XMUT103
Assignment 4: Analysing and Measuring Sets, Binary Trees, Sorting and lambdas

days Due 11 May , 19 pm

Download zip file of necessary code and data and extract it to an Assig4 folder (eg, in a COMP103 folder in your home folder). It should contain templates for the Java programs that will be marked.

ALERT! Important note about the style of your code.

To submit

  • Report.pdf
  • DecisionTree.java
  • EarthquakeSorter.java and Earthquake.java

ALERT! Do not rename these files.

Remember to submit all of these files. When you have submitted them, check that you can read the files listed on the submission page, and complete the submission process.

Part 1: Analysing and Measuring Sets (Weight: 15%)

We want to find the number of unique words within a given file of words.
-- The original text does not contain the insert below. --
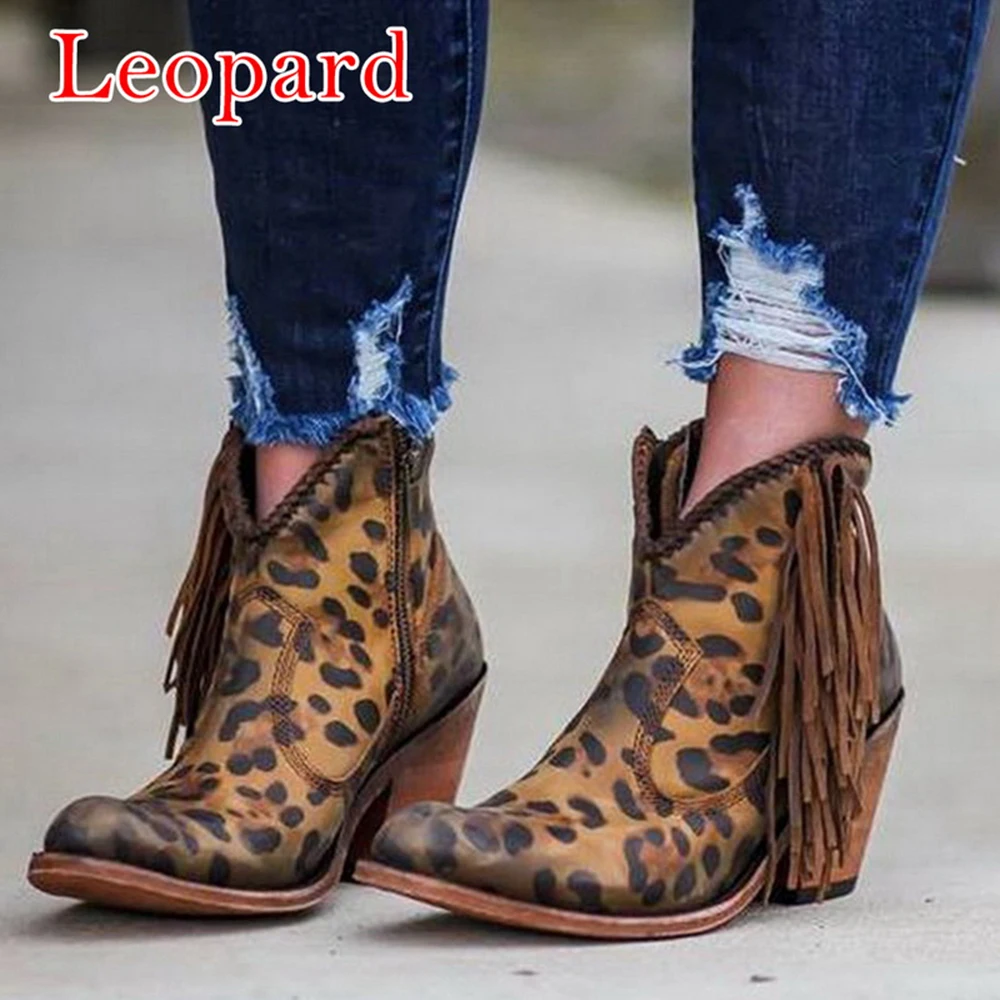 Leopard MoneRffi Women Shoes fashion Leopard Print Sexy Pointed Toe Ankle Boots Slip on Deep V High Heel Ankle boots Lady Shoes - Цвет: Leopard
You can use three different types of collections to do this: ArrayList, HashSet and TreeSet.

The VocabularyMeasure.java file has an example code for measuring the cost of finding the number of unique words.
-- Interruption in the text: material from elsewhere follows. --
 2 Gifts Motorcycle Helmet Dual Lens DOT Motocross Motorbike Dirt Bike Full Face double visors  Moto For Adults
Read and understand the code, write a brief report (submit as Report.pdf) to:
  1. Give your analysis of the costs from the following parts using O(...) notation.
  2. Draw a graph to show how efficient each of the collections (i.e., ArrayList, HashSet and TreeSet) is with an increasing number of words. The x-axis (the dependent variable) of the graph should be the number of words and the y-axis (the independent variable) should be time (in seconds).
  3. Document your conclusions, and how you arrived at these conclusions.

(a): ArrayList

If you used an ArrayList with n items, what would be the cost? (Express the cost in big-O notation in terms of n).

HELPHint: For each line, work out the cost of doing that line once, and the number of times (worst case) that the line will be repeated. Then fill up the total cost line.
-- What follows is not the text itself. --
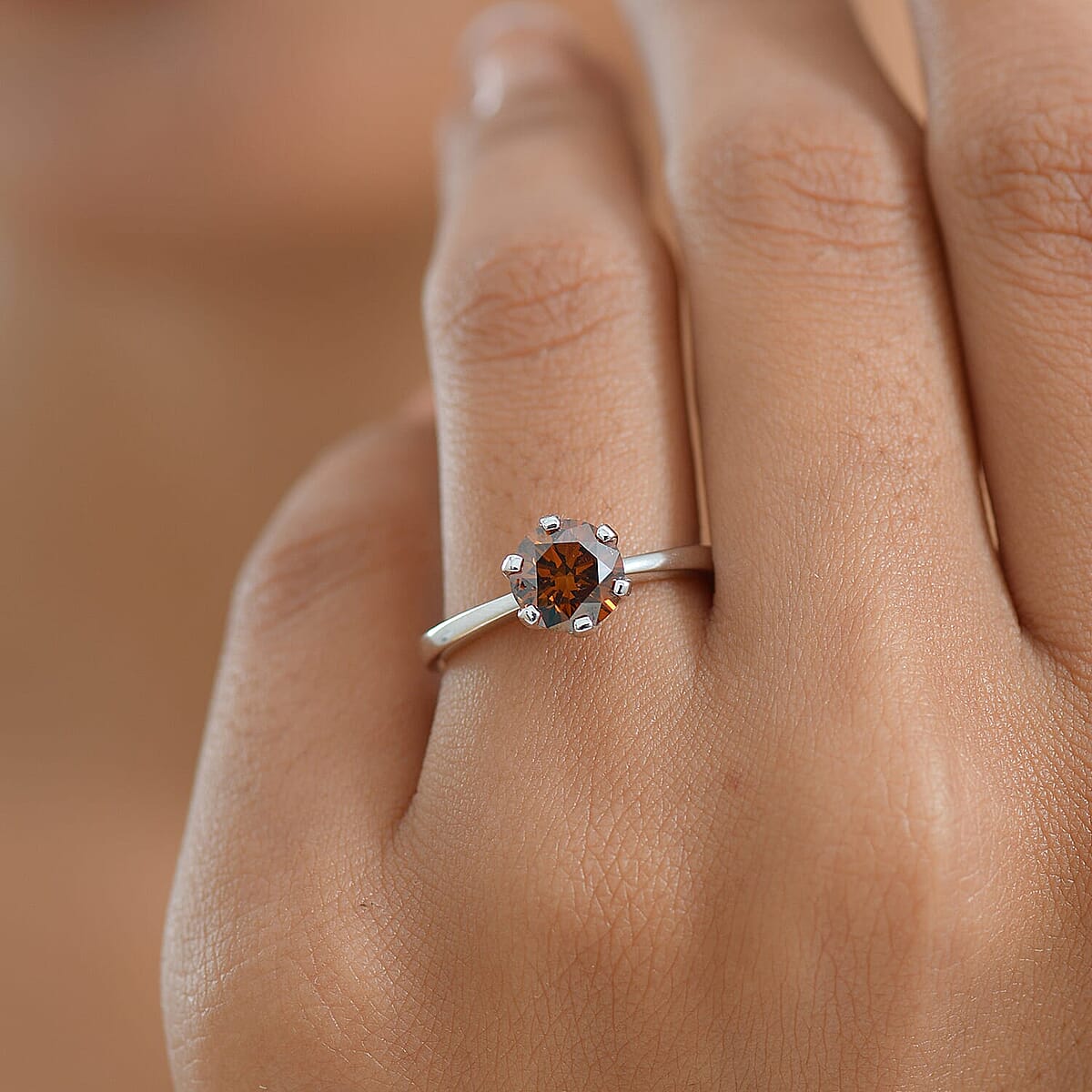 Luxuriant Lab Grown Red Diamond Rosetta Solitaire Ring in 10K White Gold 1.50 ctw (Size 7.5) image number 2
int count = 0;                                          // cost= O(  ) times= 
List<String> vocab = new ArrayList<String>();           // cost= O(  ) times= 
    try{
        Scanner sc = new Scanner (Path.of(fname));      // cost= O(  ) times= 
        while (sc.hasNext()){
            String word = sc.next();                    // cost= O(  ) times= 
            count++;                                    // cost= O(  ) times= 
            if(!vocab.contains(word)){                  // cost= O(  ) times= 
                vocab.add(word);                        // cost= O(  ) times= 
            }
        }
        sc.close();                                     // cost= O(  ) times= 
    }catch(IOException e){UI.println("bad"+e);}
UI.printf("Words = %,10d  Vocab = %,d\n", count, vocab.size());

                                                        // Total Cost = O( )

(b): HashSet
If you used an HashSet with n items, what would be the cost? (Express the cost in big-O notation in terms of n).

int count = 0;                                          // cost= O(  ) times= 
Set<String> vocab = new HashSet<String>();              // cost= O(  ) times=
    try{
        Scanner sc = new Scanner (Path.of(fname));      // cost= O(  ) times=
        while (sc.hasNext()){   
            String word = sc.next();                    // cost= O(  ) times=
            count++;                                    // cost= O(  ) times=
            vocab.add(word);                            // cost= O(  ) times=
        }
        sc.close();                                     // cost= O(  ) times=
    }catch(IOException e){UI.println("bad"+e);}
UI.printf("Words = %,10d  Vocab = %,d\n", count, vocab.size());

                                                        // Total Cost = O( )

(c): TreeSet
If you used a TreeSet with n items, what would be the cost? (Express the cost in big-O notation in terms of n).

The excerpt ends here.